Perfusion. 2016 Apr;31(3):189-99. doi: 10.1177/0267659115583525. Epub 2015 May 1.
Heparin resistance (unresponsiveness to heparin) is characterized by the inability to reach acceptable activated clotting time values following a calculated dose of heparin. Up to 20% of the patients undergoing cardiothoracic surgery with cardiopulmonary bypass using unfractionated heparin (UFH) for anticoagulation experience heparin resistance. Although UFH has been the "gold standard" for anticoagulation, it is not without its limitations. It is contraindicated in patients with confirmed heparin-induced thrombocytopenia (HIT) and heparin or protamine allergy. The safety and efficacy of the use of the direct thrombin inhibitor bivalirudin for anticoagulation during cardiac surgery has been reported. However, there have been no reports on the treatment of heparin resistance with bivalirudin during CPB. In this review, we report the favorable outcome of our single-center experience with the alternative use of bivalirudin in the management of anticoagulation of heparin unresponsive patients undergoing coronary artery bypass graft surgery.

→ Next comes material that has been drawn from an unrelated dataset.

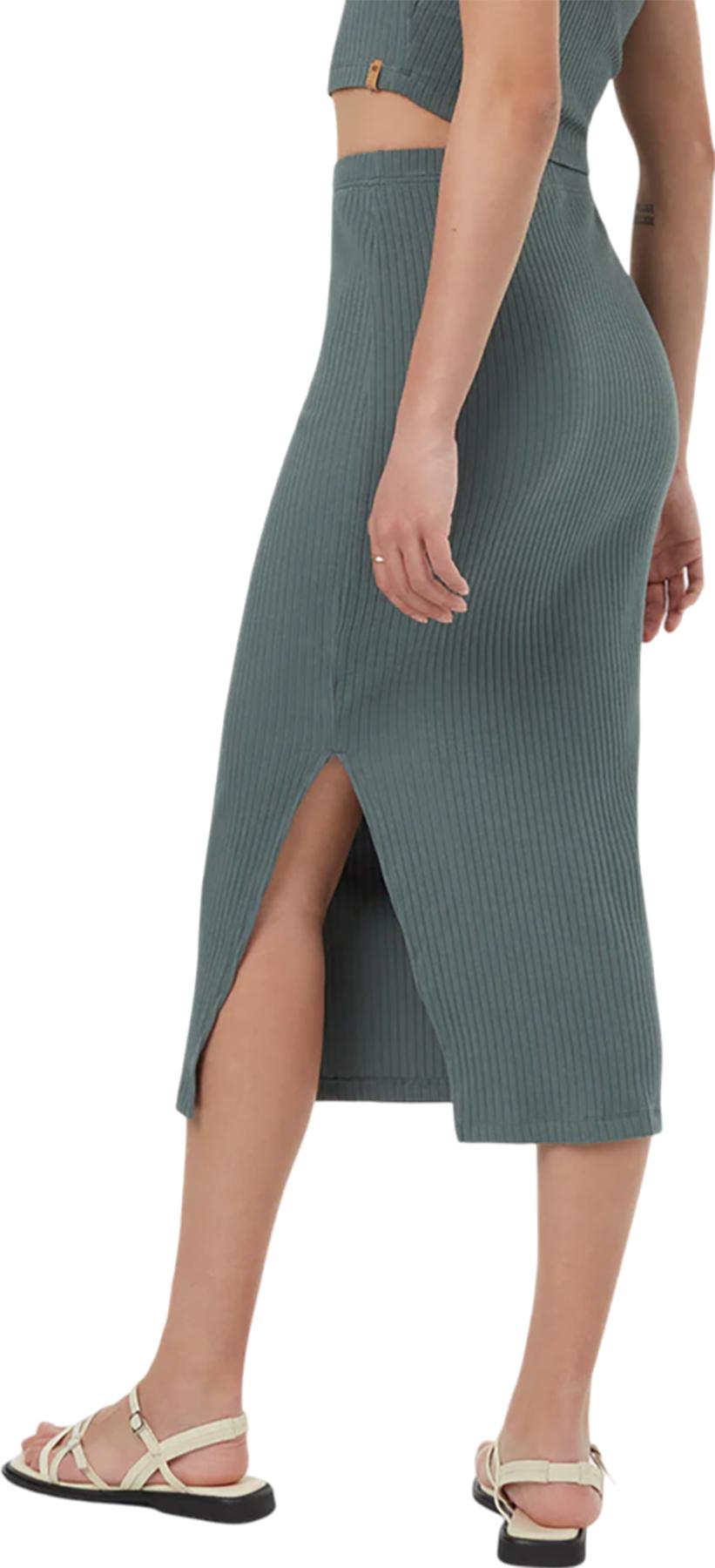 Product gallery image number 5 for product High-Rise Knit Rib Midi Skirt - Women's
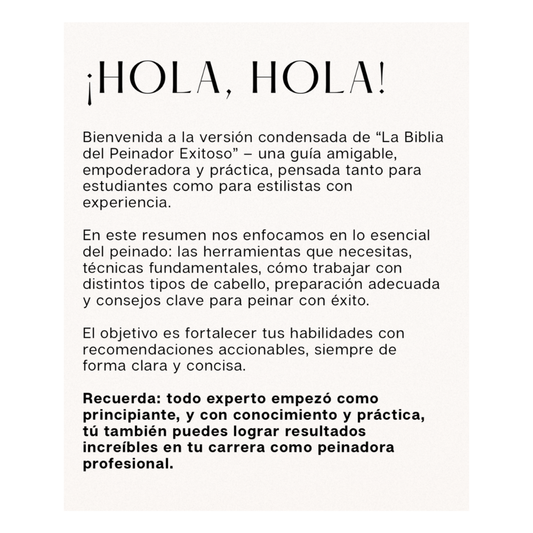 La Biblia del Peinador Exitoso by Barbie Madrid (Mini)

肝素抵抗(对肝素无反应)的特征是在给予计算剂量的肝素后无法达到可接受的活化凝血时间值。在接受心脏直视手术并使用普通肝素(UFH)进行体外循环抗凝的患者中,高达20%会出现肝素抵抗。尽管UFH一直是抗凝的“金标准”,但它并非没有局限性。确诊为肝素诱导的血小板减少症(HIT)以及对肝素或鱼精蛋白过敏的患者禁用。已有报道称直接凝血酶抑制剂比伐卢定在心脏手术期间用于抗凝的安全性和有效性。然而,尚无关于在体外循环期间使用比伐卢定治疗肝素抵抗的报道。在本综述中,我们报告了我们单中心在冠状动脉搭桥手术中使用比伐卢定替代UFH管理肝素无反应患者抗凝的良好结果。